Data supplied Block Start
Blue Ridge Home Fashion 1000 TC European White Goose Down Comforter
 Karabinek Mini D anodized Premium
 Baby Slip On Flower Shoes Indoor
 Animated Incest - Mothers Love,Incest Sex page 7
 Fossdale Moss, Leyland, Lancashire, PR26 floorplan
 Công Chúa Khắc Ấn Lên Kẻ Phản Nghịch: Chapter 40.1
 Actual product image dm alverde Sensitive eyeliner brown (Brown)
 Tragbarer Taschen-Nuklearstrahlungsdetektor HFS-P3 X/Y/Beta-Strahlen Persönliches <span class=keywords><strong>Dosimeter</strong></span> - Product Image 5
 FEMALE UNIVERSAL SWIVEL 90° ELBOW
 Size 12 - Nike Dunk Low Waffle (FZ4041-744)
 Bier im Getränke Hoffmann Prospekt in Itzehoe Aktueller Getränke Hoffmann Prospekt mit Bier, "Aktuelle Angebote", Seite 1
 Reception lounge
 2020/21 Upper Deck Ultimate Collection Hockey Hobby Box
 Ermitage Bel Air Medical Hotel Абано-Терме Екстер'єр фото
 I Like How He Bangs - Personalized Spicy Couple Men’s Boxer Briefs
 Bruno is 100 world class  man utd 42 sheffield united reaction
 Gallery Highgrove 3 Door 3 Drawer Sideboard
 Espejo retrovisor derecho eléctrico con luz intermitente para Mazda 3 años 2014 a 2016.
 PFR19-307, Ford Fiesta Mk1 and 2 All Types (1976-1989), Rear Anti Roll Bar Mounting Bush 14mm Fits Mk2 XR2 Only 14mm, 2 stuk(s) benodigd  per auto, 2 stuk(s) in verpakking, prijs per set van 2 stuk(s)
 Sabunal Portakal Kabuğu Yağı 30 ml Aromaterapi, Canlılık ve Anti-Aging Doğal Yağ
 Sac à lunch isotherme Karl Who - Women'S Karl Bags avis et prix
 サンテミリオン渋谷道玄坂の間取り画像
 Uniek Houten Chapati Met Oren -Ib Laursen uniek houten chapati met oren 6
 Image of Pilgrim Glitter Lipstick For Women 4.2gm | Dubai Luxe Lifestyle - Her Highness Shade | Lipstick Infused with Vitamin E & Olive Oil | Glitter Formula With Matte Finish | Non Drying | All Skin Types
Data supplied Block End
What you should do ->
Give the entries once more, exactly as they appear.

Task solution ->
Blue Ridge Home Fashion 1000 TC European White Goose Down Comforter
 Karabinek Mini D anodized Premium
 Baby Slip On Flower Shoes Indoor
 Animated Incest - Mothers Love,Incest Sex page 7
 Fossdale Moss, Leyland, Lancashire, PR26 floorplan
 Công Chúa Khắc Ấn Lên Kẻ Phản Nghịch: Chapter 40.1
 Actual product image dm alverde Sensitive eyeliner brown (Brown)
 Tragbarer Taschen-Nuklearstrahlungsdetektor HFS-P3 X/Y/Beta-Strahlen Persönliches <span class=keywords><strong>Dosimeter</strong></span> - Product Image 5
 FEMALE UNIVERSAL SWIVEL 90° ELBOW
 Size 12 - Nike Dunk Low Waffle (FZ4041-744)
 Bier im Getränke Hoffmann Prospekt in Itzehoe Aktueller Getränke Hoffmann Prospekt mit Bier, "Aktuelle Angebote", Seite 1
 Reception lounge
 2020/21 Upper Deck Ultimate Collection Hockey Hobby Box
 Ermitage Bel Air Medical Hotel Абано-Терме Екстер'єр фото
 I Like How He Bangs - Personalized Spicy Couple Men’s Boxer Briefs
 Bruno is 100 world class  man utd 42 sheffield united reaction
 Gallery Highgrove 3 Door 3 Drawer Sideboard
 Espejo retrovisor derecho eléctrico con luz intermitente para Mazda 3 años 2014 a 2016.
 PFR19-307, Ford Fiesta Mk1 and 2 All Types (1976-1989), Rear Anti Roll Bar Mounting Bush 14mm Fits Mk2 XR2 Only 14mm, 2 stuk(s) benodigd  per auto, 2 stuk(s) in verpakking, prijs per set van 2 stuk(s)
 Sabunal Portakal Kabuğu Yağı 30 ml Aromaterapi, Canlılık ve Anti-Aging Doğal Yağ
 Sac à lunch isotherme Karl Who - Women'S Karl Bags avis et prix
 サンテミリオン渋谷道玄坂の間取り画像
 Uniek Houten Chapati Met Oren -Ib Laursen uniek houten chapati met oren 6
 Image of Pilgrim Glitter Lipstick For Women 4.2gm | Dubai Luxe Lifestyle - Her Highness Shade | Lipstick Infused with Vitamin E & Olive Oil | Glitter Formula With Matte Finish | Non Drying | All Skin Types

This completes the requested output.